Le stesse somme sono state trasferite inoltre su ulteriori conti correnti svizzeri intestati a società estere riferibili sempre a Cosentino, ovvero trasferiti su conti correnti cifrati; proventi derivanti da “vendite in nero”, fatti transitare sui conti correnti aperti da dipendenti della Gicos al fine di essere prelevati in contanti (prevalentemente con banconote da 500 euro), successivamente versati sui conti correnti personali di Cosentino e dei suoi familiari, o depositati in cassette di sicurezza intestate a Cosentino e alla figlia Ambra e trasferiti in Svizzera su conti riconducibili all’imprenditore. In particolare, è stato accertato che la Gicos ometteva di fatturare una quota parte dei propri ricavi e faceva confluire i relativi pagamenti sui conti correnti intestati ai propri dipendenti. Questi ultimi, successivamente, emettevano assegni a favore di ulteriori dipendenti, che, infine, li incassavano in contanti. 

Milioni di euro e scudo fiscale

Poco meno di nove milioni di euro transitati verso i paradisi fiscali di Panama e Hong Kong, e rientrati successivamente in una banca di Lugano dentro conti cifrati. E quando non bastavano le triangolazioni, si ricorreva al classico “spallone” per convogliare il danaro liquido verso la Svizzera. Sono queste le attività della Gicos import-export srl ricostruite nell’indagine.

L’operazione ha coinvolto altre quindici persone, tra le quali un broker di Como, Stefano Noschese, il cui studio professionale sarebbe servito ai Cosentino per riciclare il danaro occultato alle verifiche fiscali e ricollocarlo all’estero. Una quota dei capitali riciclati, infatti, come accertato dalle Fiamme Gialle, era stata ripulita da una società finanziaria con sede nel Wyoming, negli Usa, e da lì riversata successivamente in Svizzera, operazione costata ai Cosentino il 5% del capitale investito.

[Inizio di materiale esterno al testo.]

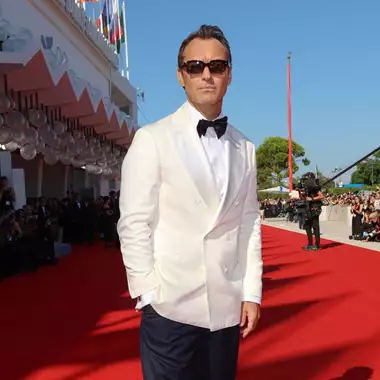 Jude Law | Η σπάνια εμφάνιση της συζύγου του στην παγκόσμια πρεμιέρα της ταινίας του στο Φεστιβάλ Βενετίας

«E’ un’indagine – ha detto Sferlazza – scaturita da un lavoro minuzioso condotto dalla Guardia di finanza e coordinato dal pm Gianluca Gelso. Emerge un quadro indiziario di appropriazione indebita per somme ingenti sottratte alle attività sociali della Gicos dai Cosentino, che finivano alle dirette disponibilità della famiglia. Il denaro in ‘nerò proveniva da passivi di bilancio inesistenti e fatturazioni di comodo, soldi che passavano in taluni casi anche dai conti privati dei dipendenti della società, i quali, dopo gli incassi, riversavano ai Cosentino le somme finite sui loro conti. Utilizzando lo “scudo fiscale ter” – ha rilevato Sferlazza – i Cosentino avevano condonato circa sette milioni di euro depositati su conti a Panama, Nassau e Lugano. Pur non riscontrando le indagini alcun nesso con la criminalità il contrasto alla criminalità economica si conferma come un avamposto efficace utile anche a combattere le mafie».

Il comandante regionale della Guardia di Finanza, gen. Gianluigi Miglioli, ha parlato di «mezzi di evasione fiscale raffinati, i cui fili sono tirati da personaggi in grado di muoversi su scenari internazionali senza difficoltà». Per il comandante provinciale, gen. Alessandro Barbera, «l’operazione coglie anche il senso comune dell’opinione pubblica sul tema dell’evasione fiscale».